Department of Biology, Indiana University, Bloomington, IN 47405, USA.
Department of Biology, Indiana University, Bloomington, IN 47405, USA.
Semin Cell Dev Biol. 2024 Mar 15;156:35-43. doi: 10.1016/j.semcdb.2023.05.009. Epub 2023 Jun 16.
One of the important functions of regulated cell death is to prevent cells from inappropriately acquiring extra copies of their genome, a state known as polyploidy. Apoptosis is the primary cell death mechanism that prevents polyploidy, and defects in this apoptotic response can result in polyploid cells whose subsequent error-prone chromosome segregation are a major contributor to genome instability and cancer progression. Conversely, some cells actively repress apoptosis to become polyploid as part of normal development or regeneration. Thus, although apoptosis prevents polyploidy, the polyploid state can actively repress apoptosis. In this review, we discuss progress in understanding the antagonistic relationship between apoptosis and polyploidy in development and cancer. Despite recent advances, a key conclusion is that much remains unknown about the mechanisms that link apoptosis to polyploid cell cycles. We suggest that drawing parallels between the regulation of apoptosis in development and cancer could help to fill this knowledge gap and lead to more effective therapies.

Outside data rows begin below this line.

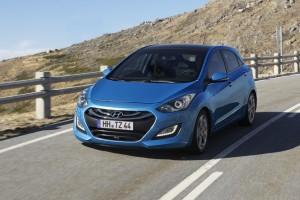 Der neue Hyundai i30 Vorne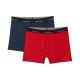 Men's boxer shorts 4F M080 2-pack multicolor 4FWMM00UBXSM080 90S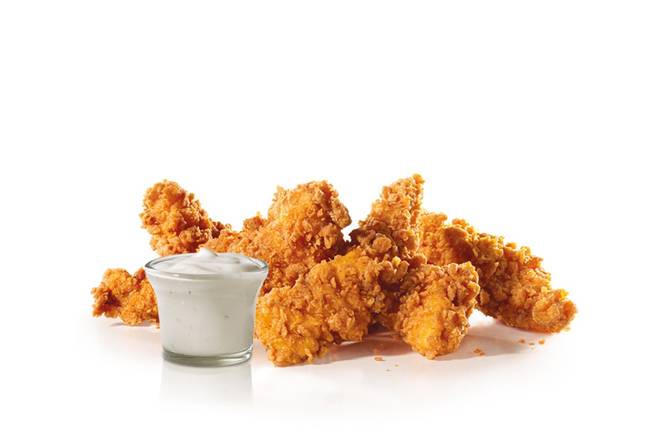 Order 5 Piece - Hand-Breaded Chicken Tenders™ food online from Carl Jr. store, Tracy on bringmethat.com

细胞程序性死亡的一个重要功能是防止细胞不恰当地获得额外的基因组拷贝,这种状态被称为多倍体。细胞凋亡是防止多倍体形成的主要细胞死亡机制,而这种凋亡反应的缺陷可能导致多倍体细胞,其随后易错的染色体分离是基因组不稳定性和癌症进展的主要原因。相反,一些细胞主动抑制细胞凋亡以成为多倍体,这是正常发育或再生的一部分。因此,尽管细胞凋亡可以防止多倍体的形成,但多倍体状态也可以主动抑制细胞凋亡。在这篇综述中,我们讨论了在发育和癌症中理解细胞凋亡和多倍体之间拮抗关系的进展。尽管最近取得了一些进展,但一个关键的结论是,关于将细胞凋亡与多倍体细胞周期联系起来的机制,我们仍然知之甚少。我们认为,在发育和癌症中细胞凋亡的调控之间进行类比,可能有助于填补这一知识空白,并导致更有效的治疗方法。